Maybe I should subsume Orion's shit that sucks: nightclub clusterfuck sxsw edition, Stars' raging out at... the coachella edition and this into "A Shitty Rageout Grievance: Outdoor Concert Festivals," n'est-ce pas? Seriously... when has anyone enjoyed him/herself at one of these? I'd have to say never.

Historically speaking, Bamboozle blows. Its predecessor, Skate and Surf, also... blew.

Viz... Skate and Surf 2003:

(Yeah... that's me IN a merch box, trying to hide/sleep due to severe unhappiness. Also... I do understand that black hair does not look good on me. Ohhhhhh to be 18 again.)

Skate and Surf 2004:

(The middle finger = always a telling sign that one is having fun. Also a telling sign? Stars eating pull-and-peel Twizzlers AT a show.)

Bamboozle 2005:

(In short: what a miserable-looking group of people.)

Bamboozle 2006/2007:
(Absent picture. Why? Because I didn't go. After those three years... no thanks.)

Okay... so this year, my friend asked me if I would "sell merch" for a band with whom she is friends, thinking she would be in L.A. So I agreed. Why not? I'd spent two years away from this abomination. Plus... my favorite band since I was 14 years old, Jimmy Eat World, was playing.

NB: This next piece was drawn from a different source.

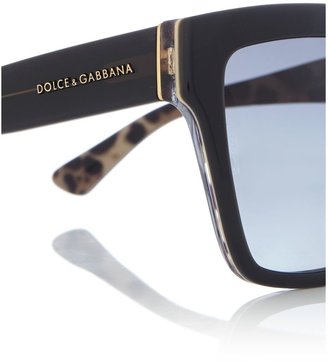 Dolce & Gabbana 0DG4234 Square Sunglasses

The way the "merch" was set up was under this tent against the periphery of the concert "dwelling" (if you will). The weather: freezing, raining.

"Merch" check-in spot was a vast distance from the actual booth, so I had to wait alone, in the freezing rain for about an hour trying to get a freakin' golf cart to bring my shit over to the place I'd be spending the next 9 hours shivering. Not to mention, this began at 9:00 A.M., after having bartended until 5:30 A.M. the night before.

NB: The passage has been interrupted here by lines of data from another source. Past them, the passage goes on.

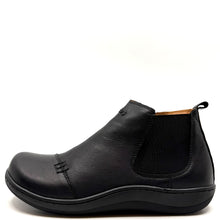 Load image into Gallery viewer, Sala Anita Ankle Boot Black
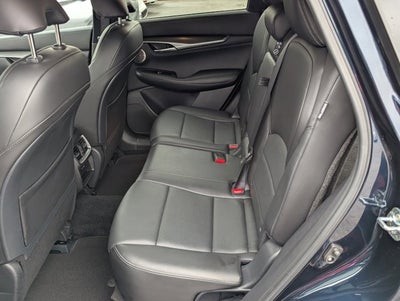 2025 INFINITI QX55 ESSENTIAL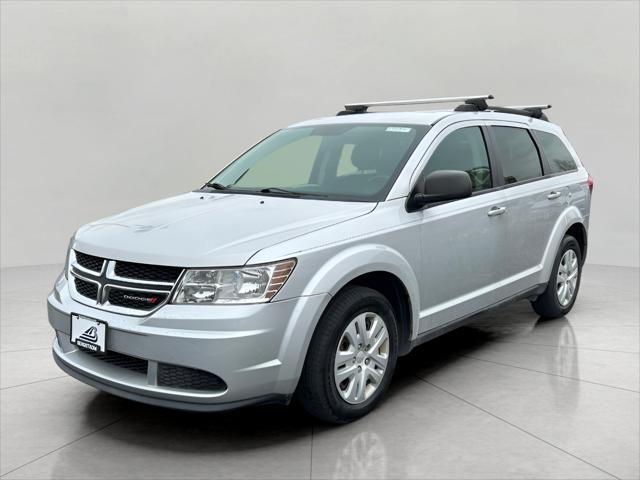 used 2014 Dodge Journey car, priced at $6,698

Back to my whole periphery-based merch. The day was cold... I was wearing the following:
1. A tube top;
2. A wool turtle-neck;
3. A cardigan;
4. A blazer;
5. A jacket with a hood.



As the day warmed up, the only thing which did NOT warm up was the "merch" area, because the wind was coming from behind us and we (my dumb ass and the other "merch"-purveyors) were the "things" blocking the wind from the rest of the concert area. So I realized that there was legitimately a 7 degree difference between the merch area and 3 steps forward from it. I spent the day shivering with a hood on, stapled to this table, starving, exhausted and cranky.

And then I had to watch Sebastian Bach's flabby armpit fat flap around as he relived his glory-days.

I did however get to redeem this atrocious work by getting to see Jimmy Eat World from backstage. And I did get a picture with the lead singer, Jim, which essentially made me pee my pants. But of course as soon as J.E.W. started playing, it started raining. So my picture with Jim looks like a picture of Jim and a swollen, pissed off, wet rat:

Don't even get me started on Warped Tour...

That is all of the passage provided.